These days customers are increasingly looking to modernize internally developed applications. These applications could be internet facing products, which were developed as monolithic applications, or applications designed to help with internal processes. Customers seeking to modernize applications have a variety of goals that include making their applications more stable, and moving to newer technologies such as serverless and microservices.

Today we are announcing the AWS Microservice Extractor for .NET , a new tool that helps customers on their path to extract microservices from their monolithic applications; customers can leverage this tool to more easily achieve their modernization goals with a tool that assists in the extraction of microservices.

The Refactoring Process

Some customers will approach breaking up the monolith by allocating time to completely rearchitect and recreate the application. This approach is most common with smaller applications where the effort of rewriting the application is more effective then breaking up the application in to component pieces. This approach may also be taken for larger applications when the customer is performing a major upgrade, and can allocate the time and resources required to start over. In this case, the customer usually has little interest in preserving existing code.

For customers who are not opting to perform a complete rearchitect and rewrite of their applications, the development teams will often employ the strangle pattern, where pieces of the application are selected and refactored out of the monolith, leaving progressively less and less of the application behind in the monolith. Eventually all that will remain as the monolith will be the presentation layer, with all business logic migrated into microservices.

How a customer selects the target code, or domain to be refactored, will typically follow their development methodology. Some customers will opt for a “Low Hanging Fruit” approach, where the selection of functionality is determined by how easy it will be to remove candidate code form the solution. For example, a set of logging code that is called from many different places, but doesn’t rely on other code. Another approach is to refactor parts of the application as the need arises for updates or upgrades. This approach selects functionality for refactoring as the specific area needs some form of other upgrade or bug fix. With this approach, once an area of code has been identified for some other update work, it will be refactored and modernized as part of the process.

One option for code selection is to identify a particular class that contains all of the business logic necessary for extraction and base the refactoring effort using this class as a boundary. A second option is to use a particular controller in your application as the top-level construct. In this case the Microservice Extractor will remove the business logic from the controller and reroute all of the public calls to the new microservice.

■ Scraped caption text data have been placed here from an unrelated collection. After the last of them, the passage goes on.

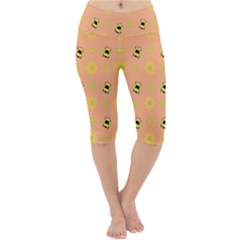Bee A Bug Nature Lightweight Velour Cropped Yoga Leggings by Nexatart
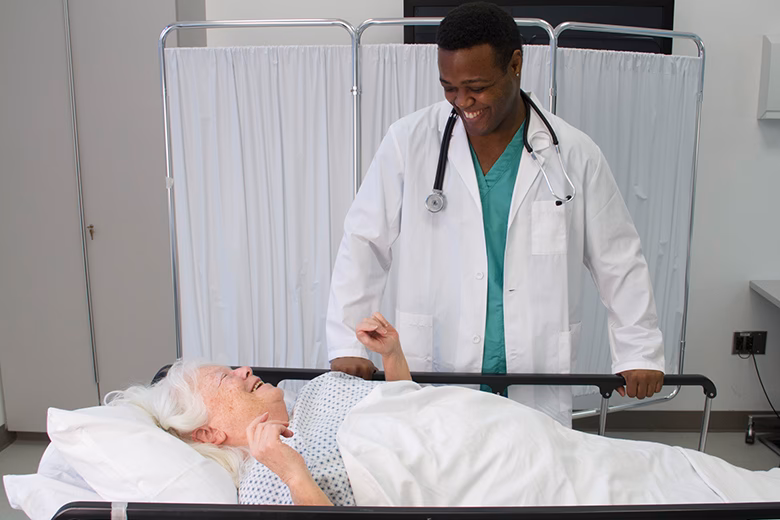 Qu'est-ce que l'hôpital privé à orientation gériatrique ?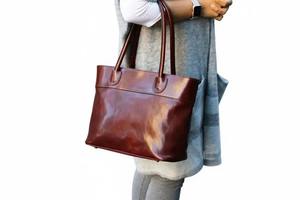 Suministro directo de fábrica Bolso de cuero ecológico Bolsa de regalo personalizada para ella con iniciales disponibles al mejor precio - Product Image 3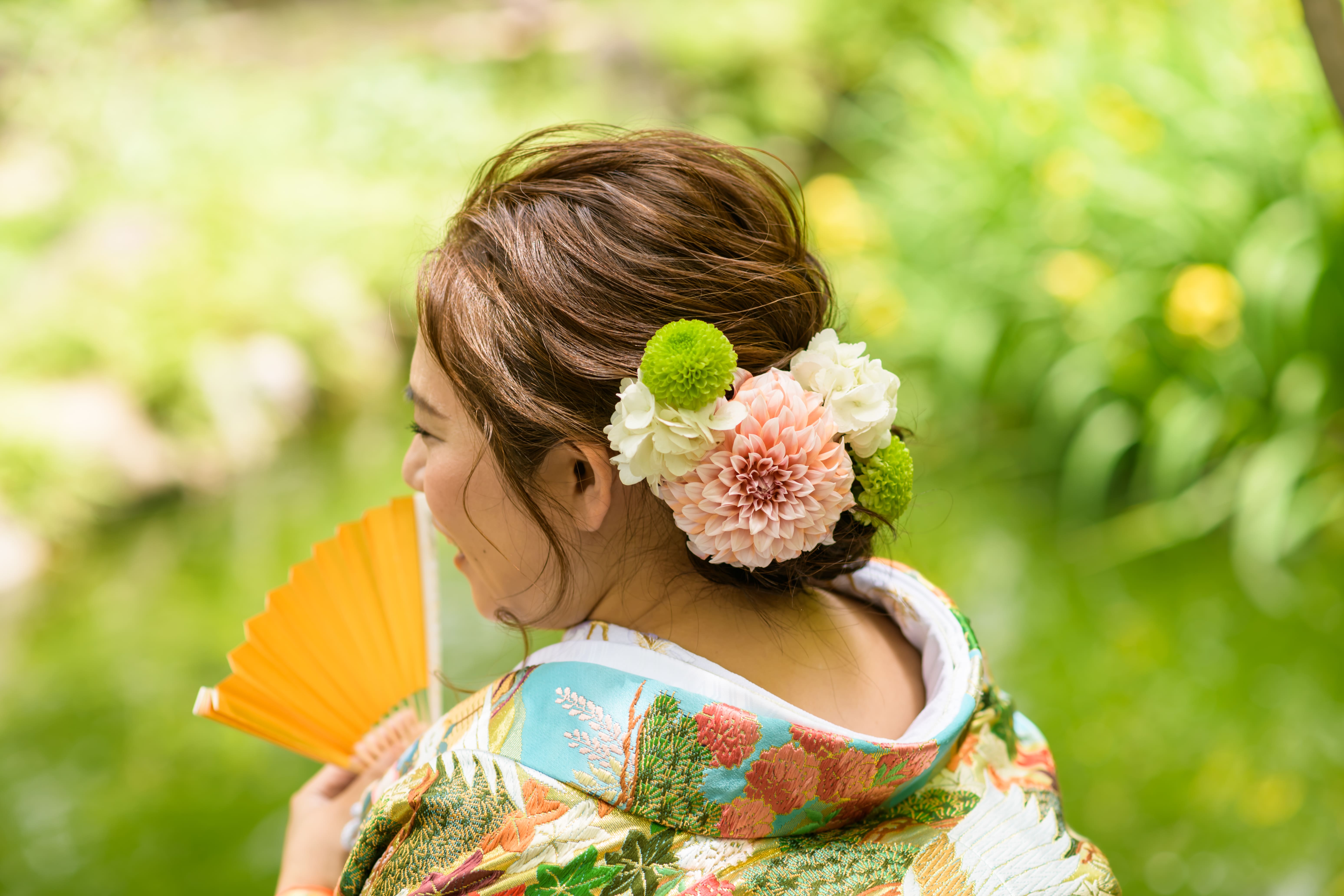 和装に彩りを添える生花ヘッドパーツ 公開日 22年11月11日 Style 福岡 福岡県でフォトウェディング探すならphotorait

The exact steps in the refactoring process will vary from team to team, but generally operates similarly to the following process model:

Process Model Manual

  1. A subset of the application’s code is identified, by one of the above methods, as a good candidate for refactoring and extracting to make a new microservice.
  2. Within selected application a group of classes is identified as the boundary of the microservice. This will include the candidate code, as well as additional classes that are required for the candidate code to function.
  3. The application goes through a refactoring process to fix any issues that may prevent the code form being extracted.
  4. The candidate code is extracted from the monolith, and packed as a new microservice. This may include packaging the new microservice as a docker container, for example, to host the microservice as a container.
  5. The new microservice is deployed to a new set of infrastructure. For example, you might deploy your container and supporting infrastructure onto AWS’s Elastic Container Service (ECS).
  6. You then need to refactor your original application to reroute calls from the main application to the new microservice. This process will often require several iterations as the original application is updated and tested.
  7. Finally, the updated application, and the new microservice are released. The process then starts over with identifying the next candidate for extraction.

This process is time consuming and error prone, especially when it comes to refactoring your application to call the extracted service.

Introducing AWS Microservice Extractor for .NET

AWS Microservice Extractor for .NET helps to automate some of the steps in this process. The steps that have changed color to orange, or partially orange, are assisted by the Microservice Extractor.

Process Model Assisted

Let’s have a look at how the AWS Microservice Extractor for .NET works on your applications:

We start from our typical Visual Studio project.

Visual Studio Project

AWS Microservice Extractor for .NET assumes that you have full access to all of the source code for your solution in order to be able to not only analyze the application, but also to be able to extract the logic from the application.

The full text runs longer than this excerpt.